Risk/Reward Vol. 178
THIS IS NOT INVESTMENT OR TAX ADVICE. IT IS A PERSONAL REFLECTION ON INVESTING. RELY ON NOTHING STATED HEREIN.
"I loved ya' baby/From the start
Loved ya' baby/With all of my heart
Lord, you put a spell on me/I just want to testify."---lyrics from "Testify" by Grand Funk Railroad
"What's it all about, Alfie?/Is it just for the moment we live?
What's it all about/When you sort it out, Alfie?
Are we meant to take more than we give?"---lyrics from "Alfie" by Burt Bacharach
"There's a sign on the wall/But she wants to be sure
Cause you know/Sometimes words have two meanings
In a tree by a brook/There's a songbird who sings
Sometimes all of our thoughts are misgiven."---lyrics from "Stairway to Heavan" by Led Zepplin
The stock indices reached new highs on Thursday, but Wednesday was the big day for yield hungry investors like me. As reported last week (Vol. 177 www.riskrewardblog.blogspot.com ), Federal Reserve Chair Benjamin Bernanke was scheduled to "Testify" before Congress on Wednesday. At 8:30 Eastern, an hour before the markets opened, he released his prepared remarks. And "from the start", the bond market "Loved it, baby/With all of its heart." In the remarks and the subsequent testimony, Bernanke confirmed what other Fed members have been saying recently: that any tapering of quantitative easing (QE3) would be tied to how well the economy is doing, and that the economy is not doing well enough now or in the foreseeable future to warrant it. In so stating, Bernanke seemingly abandoned his comments of June 19th which the bond market had interpreted as putting QE3 tapering on a set timetable beginning no later than September, 2013 with a complete cessation by the summer of 2014; comments which, at the time, sent bonds and bond related securities into a nose dive. His remarks "put a spell" on the all important 10 Year Treasury Bond. Its yield quickly fell below 2.5% with a correspondent spike in the bond's price. (Remember, a drop in bond yields means a rise in bond prices.)
Also on Wednesday, CNBC televised its annual "Delivering Alpha" conference. (In the financial world, "alpha" means performance above a benchmark. It is short hand for profitable, risk adjusted investing, and "when you sort it out/ Alpha is what it's all about" ; it means you "take more than you give.") Tips from such luminaries as Leon Cooperman and Steve Kuhn who were featured at the conference are "moments for which I live." Hailed as clairvoyant for picking ten out of ten double digit winners at last year's conference, Cooperman again listed 10 stocks that he believes will out perform over the next twelve months. And five of them fit within my yield-hungry wheelhouse: two real estate investment trusts (REIT's), two business development companies and a master limited partnership. Universally recognized as a leading bond/fixed income fund manager, Kuhn recommended a re-look at mortgage REIT's which he said had been oversold.

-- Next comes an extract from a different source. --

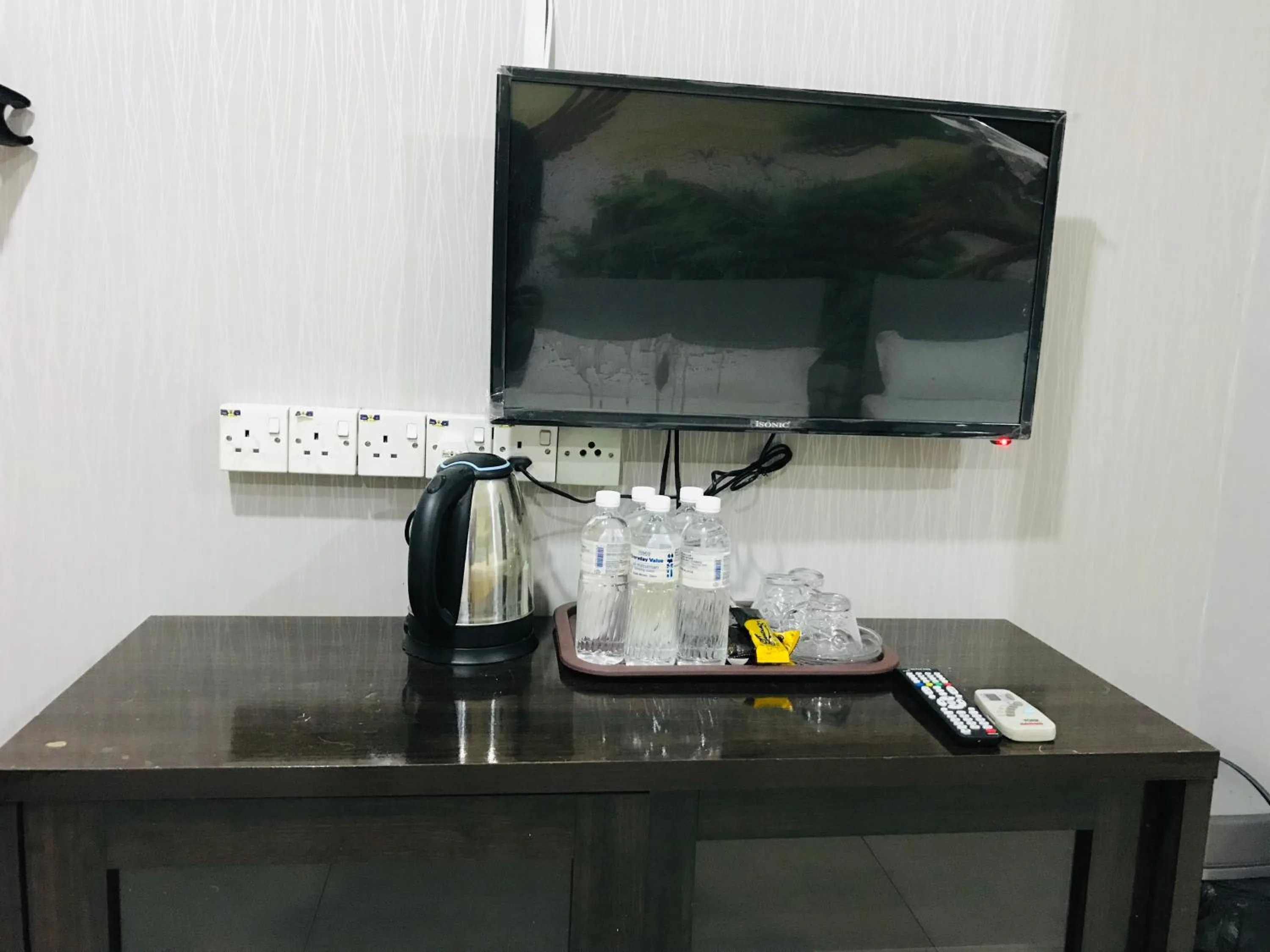 TV and multimedia in Home Inn Hotel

When asked to pick the one sector of fixed income which he believed would deliver the greatest alpha over the coming months, he stated unequivocally municipal bonds---about which I wrote last week.
Although I started my re-entry last week, I tiptoed "Cause you know/Sometimes words have two meanings." And the words from the Fed over the past few weeks about the future of QE3 were ambiguous if not contradictory. But Wednesday's pronouncement by Uncle Ben was "a sign on the wall": "a song bird singing" if you will, about which I have "no misgivings." As a consequence, this week I bought with conviction and am now 60% invested. Hopefully, I am again on a "Stairway to Heaven." I repurchased much of what I had sold in late May plus some municipal bond funds, the downdraft from Detroit's bankruptcy having provided an excellent buying opportunity. I am on track for annualized, taxable equivalent dividends of 8+%. All I want is stability but will gladly accept some capital appreciation.
It is my considered opinion that Bernanke's statements will impact the bond/fixed income world in which I dwell like a Led Zepplin concert: taking us from a market that has been "Dazed and Confused" to one that promises a "Whole Lotta Love."